Directions: Every record that follows should be copied exactly. No picture belongs in the copy.

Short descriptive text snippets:
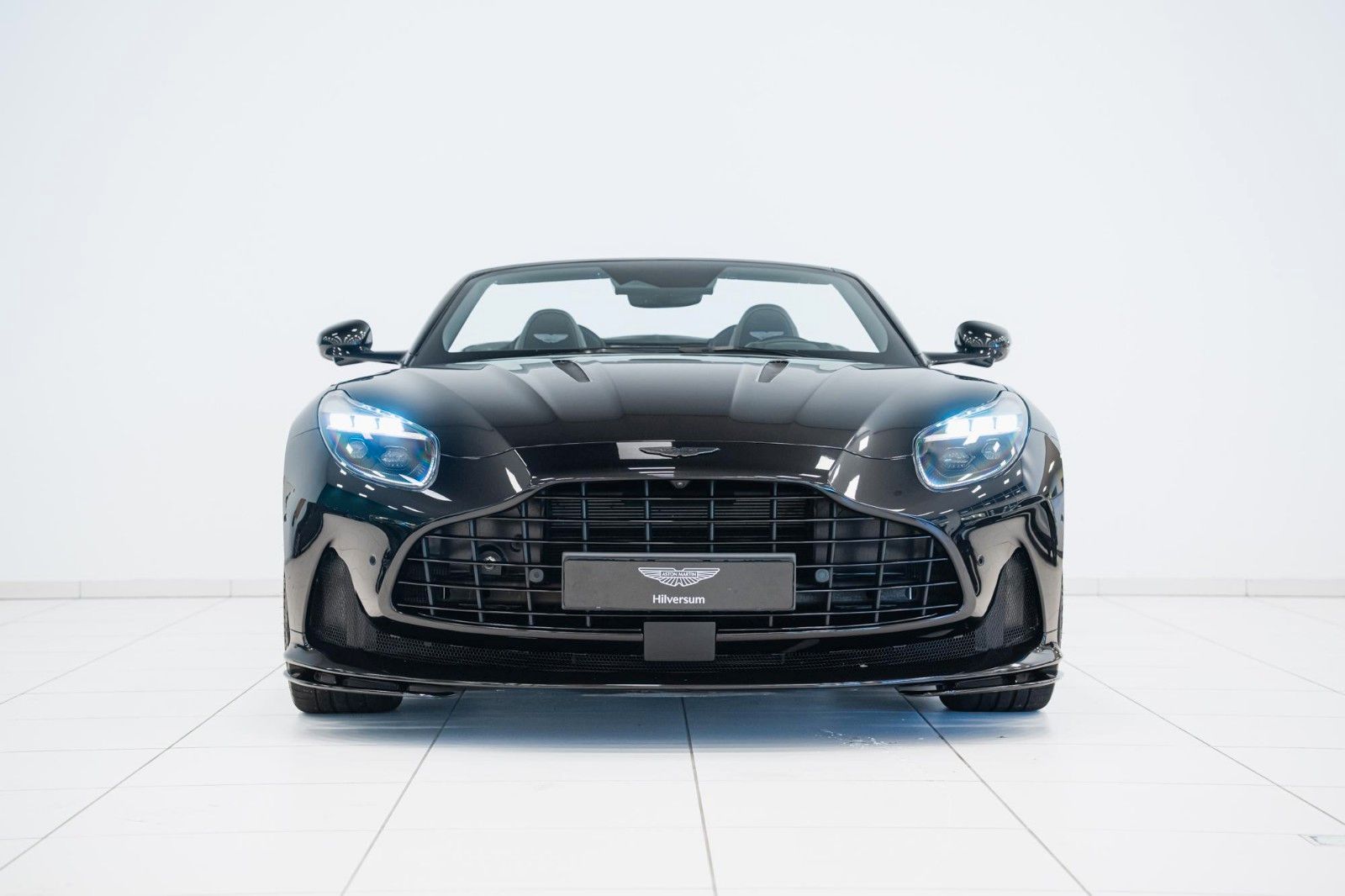 Aston Martin DB12 Volante | Onyx Black | Carbon Interior | imagem 2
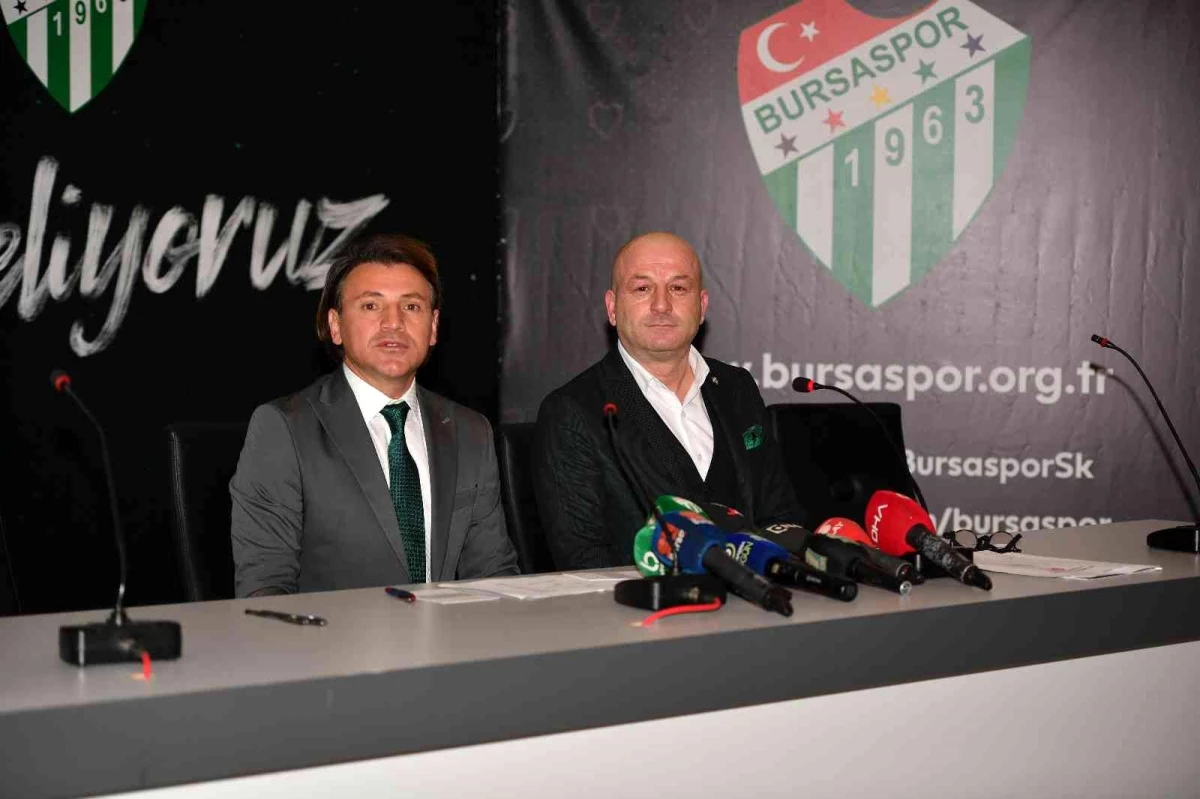 Bursaspor\'un yeni teknik direktörü Tamer Tuna imzayı attı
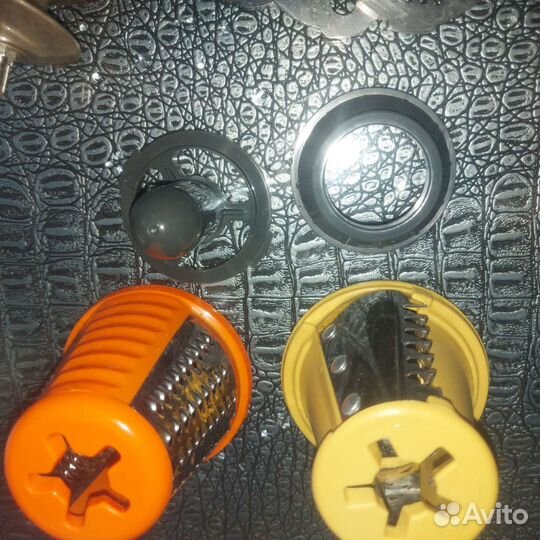 Мясорубка, комбайн кухонный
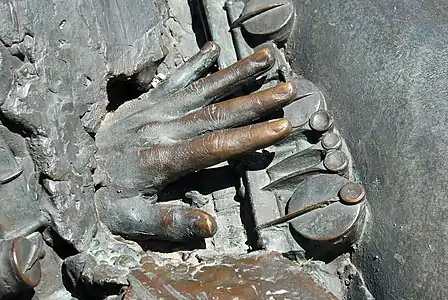 Monument Adolphe Sax à Dinant (détail).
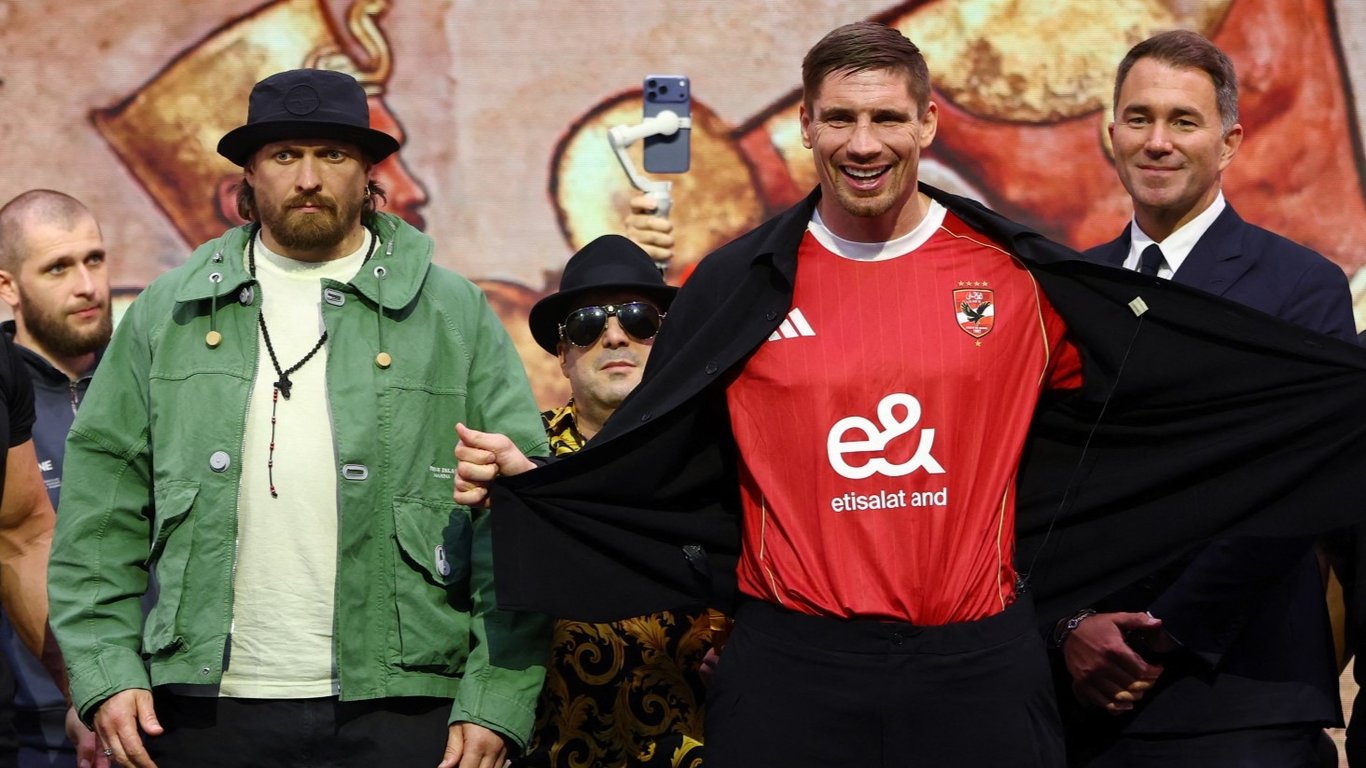 Верхувен пообещал Усику, что идет забрать его пояса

Task response:
 Aston Martin DB12 Volante | Onyx Black | Carbon Interior | imagem 2
 Bursaspor\'un yeni teknik direktörü Tamer Tuna imzayı attı
 Мясорубка, комбайн кухонный
 Monument Adolphe Sax à Dinant (détail).
 Верхувен пообещал Усику, что идет забрать его пояса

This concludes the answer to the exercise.